» TASK OBJECTIVE
Give back each record precisely, pictures excluded.

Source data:
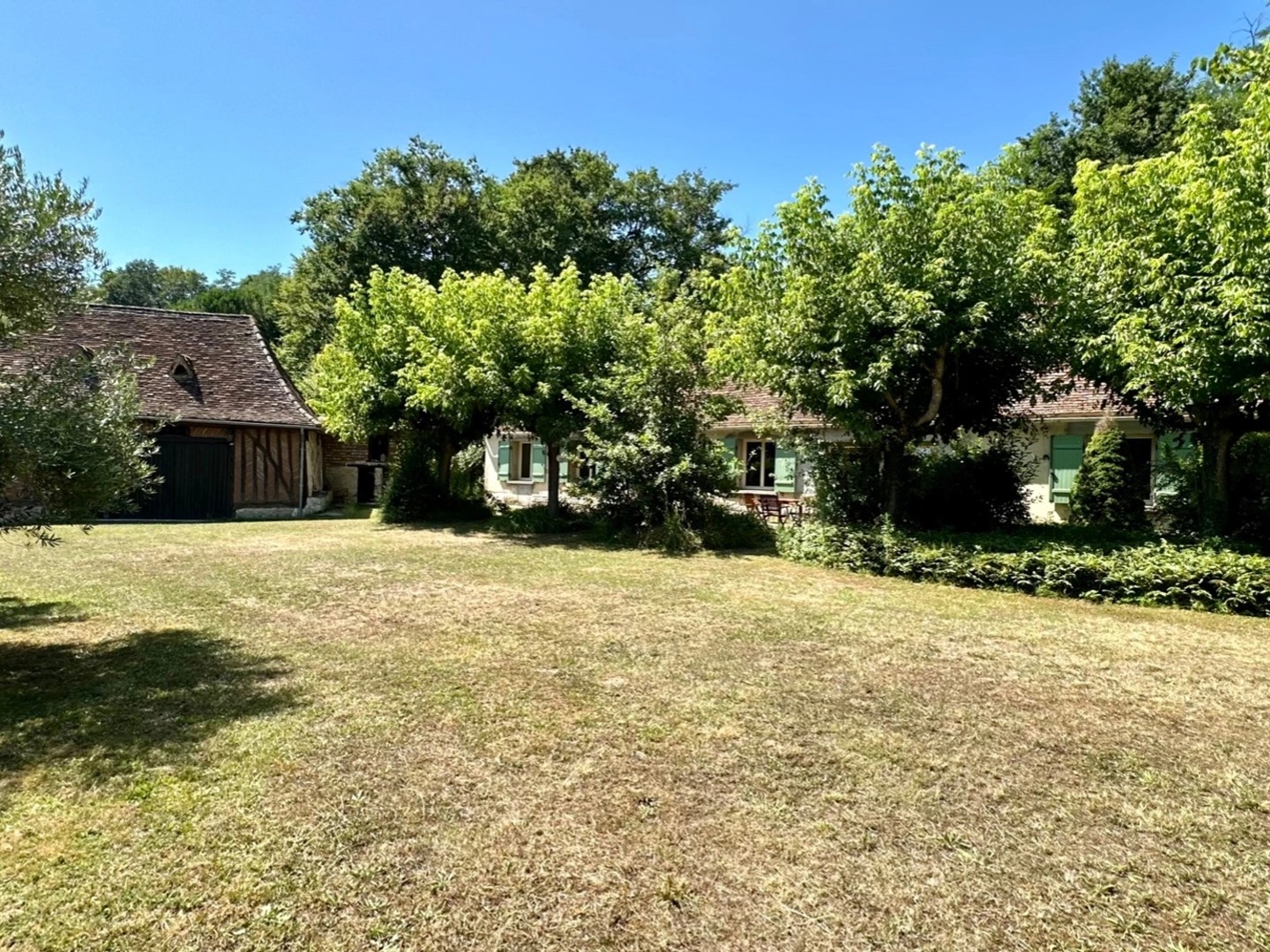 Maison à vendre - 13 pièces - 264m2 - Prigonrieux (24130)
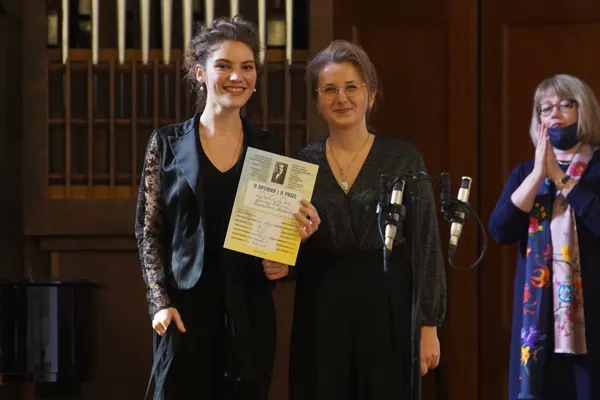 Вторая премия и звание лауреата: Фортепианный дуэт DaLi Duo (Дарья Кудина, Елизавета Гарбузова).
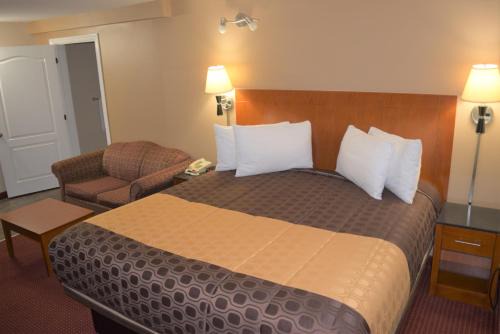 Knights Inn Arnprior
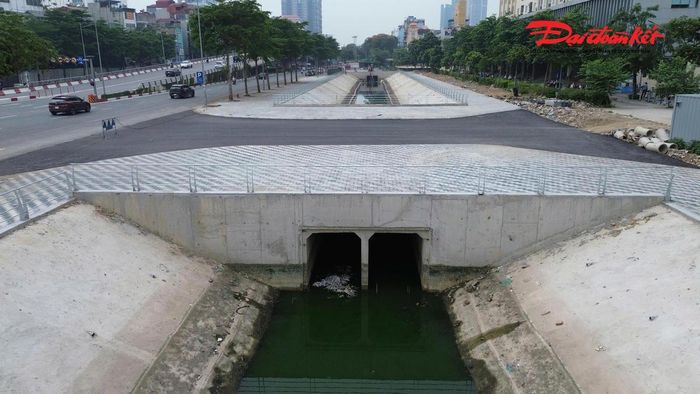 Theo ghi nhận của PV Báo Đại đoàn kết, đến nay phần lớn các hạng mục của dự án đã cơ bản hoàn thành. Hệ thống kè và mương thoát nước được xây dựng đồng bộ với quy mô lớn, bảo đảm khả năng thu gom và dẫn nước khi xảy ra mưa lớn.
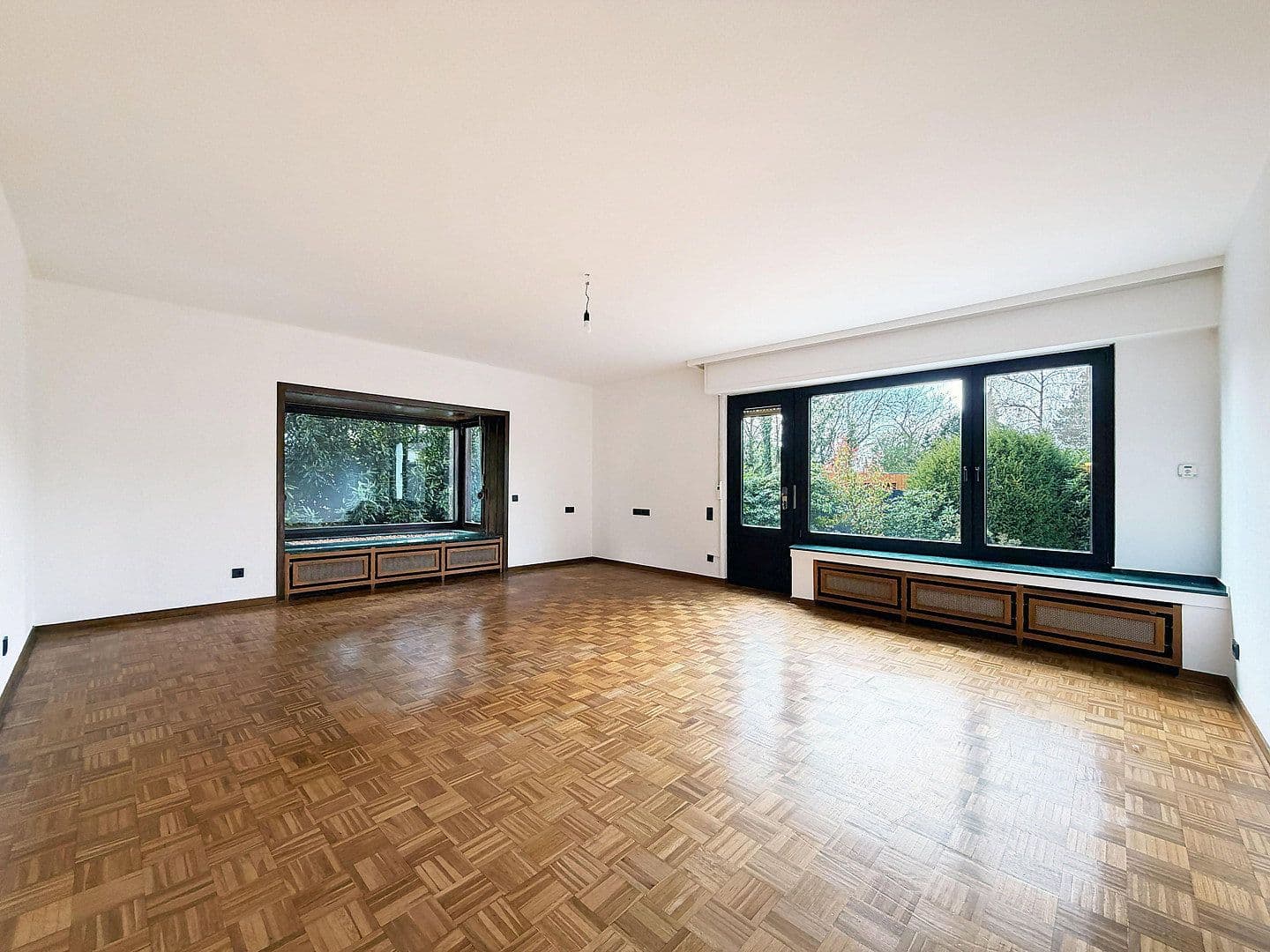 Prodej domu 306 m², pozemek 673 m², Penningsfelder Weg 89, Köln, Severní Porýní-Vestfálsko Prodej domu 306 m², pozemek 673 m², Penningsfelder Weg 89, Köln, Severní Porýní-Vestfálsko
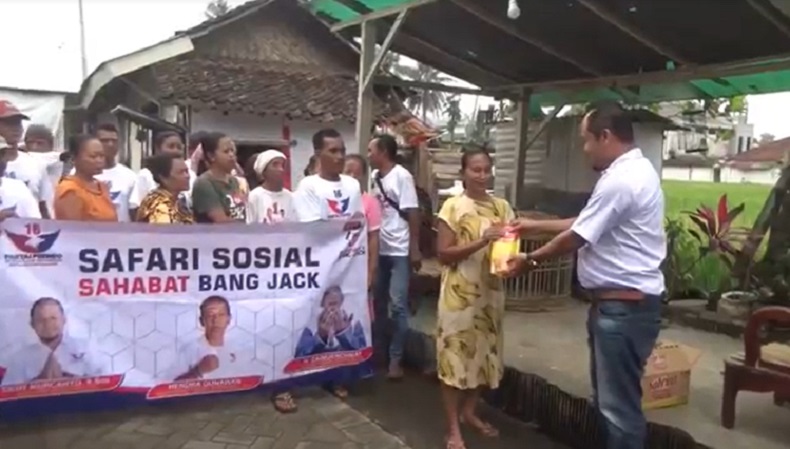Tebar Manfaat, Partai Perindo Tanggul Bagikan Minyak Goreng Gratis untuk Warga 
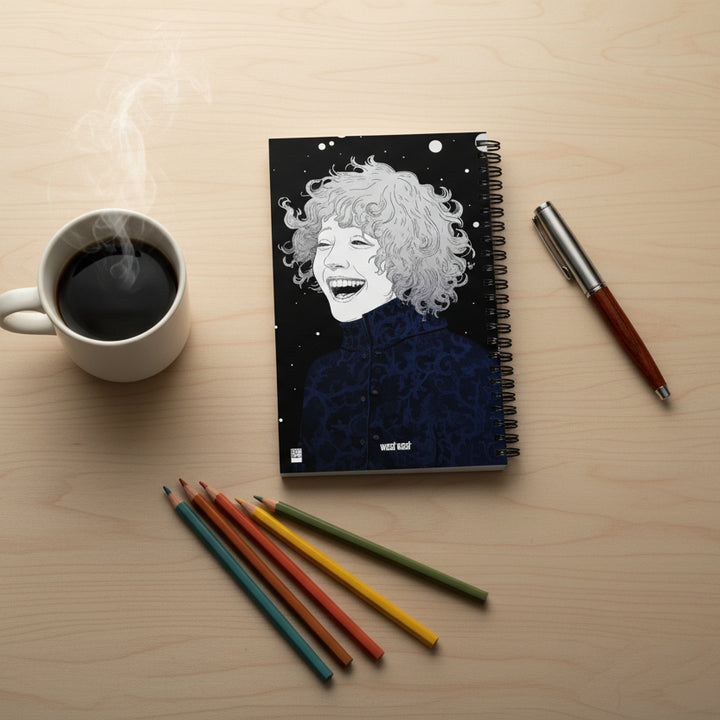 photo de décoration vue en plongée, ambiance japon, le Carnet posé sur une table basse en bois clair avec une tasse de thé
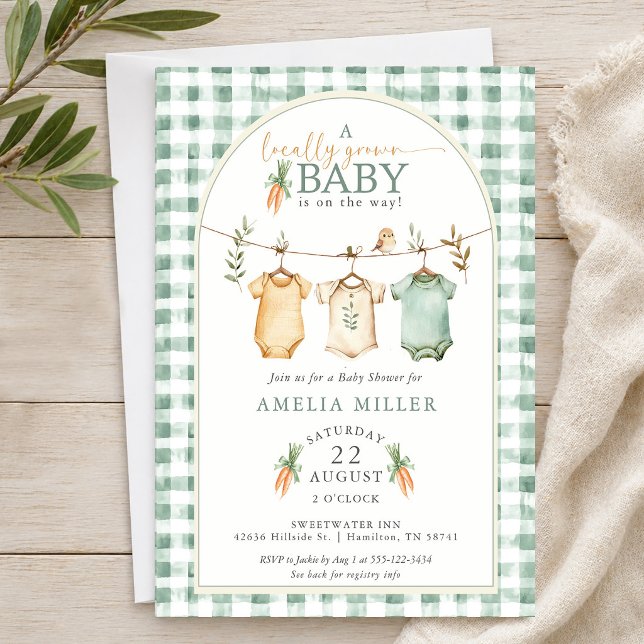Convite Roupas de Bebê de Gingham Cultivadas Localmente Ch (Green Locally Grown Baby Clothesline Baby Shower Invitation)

» ANSWER SPACE
 Maison à vendre - 13 pièces - 264m2 - Prigonrieux (24130)
 Вторая премия и звание лауреата: Фортепианный дуэт DaLi Duo (Дарья Кудина, Елизавета Гарбузова).
 Knights Inn Arnprior
 Theo ghi nhận của PV Báo Đại đoàn kết, đến nay phần lớn các hạng mục của dự án đã cơ bản hoàn thành. Hệ thống kè và mương thoát nước được xây dựng đồng bộ với quy mô lớn, bảo đảm khả năng thu gom và dẫn nước khi xảy ra mưa lớn.
 Prodej domu 306 m², pozemek 673 m², Penningsfelder Weg 89, Köln, Severní Porýní-Vestfálsko Prodej domu 306 m², pozemek 673 m², Penningsfelder Weg 89, Köln, Severní Porýní-Vestfálsko
Tebar Manfaat, Partai Perindo Tanggul Bagikan Minyak Goreng Gratis untuk Warga 
 photo de décoration vue en plongée, ambiance japon, le Carnet posé sur une table basse en bois clair avec une tasse de thé
Convite Roupas de Bebê de Gingham Cultivadas Localmente Ch (Green Locally Grown Baby Clothesline Baby Shower Invitation)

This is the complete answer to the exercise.